From the title poem, which opens the collection and is set apart from the three subsequent movements, I have ‘set out my stall’. Lyric poems which seek to re-enchant the ordinariness of the world and to find new meanings in the old objects with which we surround ourselves. We must be careful what we throw away, especially our histories. Recharge and recycle, and come out dancing. I hope that readers of ‘Easter in March’ will find it an uplifting work.

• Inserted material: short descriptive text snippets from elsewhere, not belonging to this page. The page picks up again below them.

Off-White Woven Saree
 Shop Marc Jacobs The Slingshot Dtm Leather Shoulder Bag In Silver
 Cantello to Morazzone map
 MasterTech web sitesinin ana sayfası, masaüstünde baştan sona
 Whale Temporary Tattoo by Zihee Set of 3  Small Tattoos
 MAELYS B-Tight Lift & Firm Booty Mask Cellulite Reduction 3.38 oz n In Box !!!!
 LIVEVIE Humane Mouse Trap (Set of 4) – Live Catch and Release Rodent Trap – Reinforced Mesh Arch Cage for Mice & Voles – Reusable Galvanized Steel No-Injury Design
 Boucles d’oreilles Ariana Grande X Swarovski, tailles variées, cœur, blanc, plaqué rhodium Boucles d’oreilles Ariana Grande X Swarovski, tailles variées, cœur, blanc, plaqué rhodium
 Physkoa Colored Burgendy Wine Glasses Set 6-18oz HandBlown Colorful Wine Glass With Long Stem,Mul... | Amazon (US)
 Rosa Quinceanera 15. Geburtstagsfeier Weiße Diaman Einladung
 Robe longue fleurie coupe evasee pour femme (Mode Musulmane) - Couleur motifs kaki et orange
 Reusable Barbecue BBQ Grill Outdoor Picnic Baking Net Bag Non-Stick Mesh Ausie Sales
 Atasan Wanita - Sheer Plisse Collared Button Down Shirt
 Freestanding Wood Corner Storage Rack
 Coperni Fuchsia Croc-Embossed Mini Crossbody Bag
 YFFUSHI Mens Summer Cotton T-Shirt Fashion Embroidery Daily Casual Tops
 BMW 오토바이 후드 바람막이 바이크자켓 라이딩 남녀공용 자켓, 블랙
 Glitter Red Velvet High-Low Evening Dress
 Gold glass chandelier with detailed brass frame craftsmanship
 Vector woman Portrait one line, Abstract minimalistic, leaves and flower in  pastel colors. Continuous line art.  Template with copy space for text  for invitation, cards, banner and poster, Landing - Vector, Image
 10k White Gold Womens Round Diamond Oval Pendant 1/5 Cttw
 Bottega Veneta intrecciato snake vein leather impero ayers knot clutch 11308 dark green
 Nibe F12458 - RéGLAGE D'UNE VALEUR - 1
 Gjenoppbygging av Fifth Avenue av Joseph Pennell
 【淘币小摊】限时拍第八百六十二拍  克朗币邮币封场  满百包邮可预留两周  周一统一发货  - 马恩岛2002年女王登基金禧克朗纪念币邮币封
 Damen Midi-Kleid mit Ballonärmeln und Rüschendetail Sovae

There are three prose books driving this collection forward, ‘The Re-enchantment of Everyday Life’ Thomas Moore; ‘Ordinarily Sacred’ Lynda Sexon; and ‘Eternal Echoes’ John O’Donohue. I have cast my own life and those of others I have known against philosophies and ideas expounded in these books. My poetic influences are wide and include Denise Levertove, Fred Marchant, and Jane Kenyon.
Inspiration for individual poems is drawn from such diverse sources as children’s story books and games, Renaissance paintings, pop songs, the streets of Rome, the Dublin coastline, and landscapes of west Clare. Out of this kaleidoscope, the collection moves through circuits and undercurrents to the premise that not only will “Beauty save the World” (as Dostoyevsky said in ‘The Idiot’) but it has potential to change us through its gaze.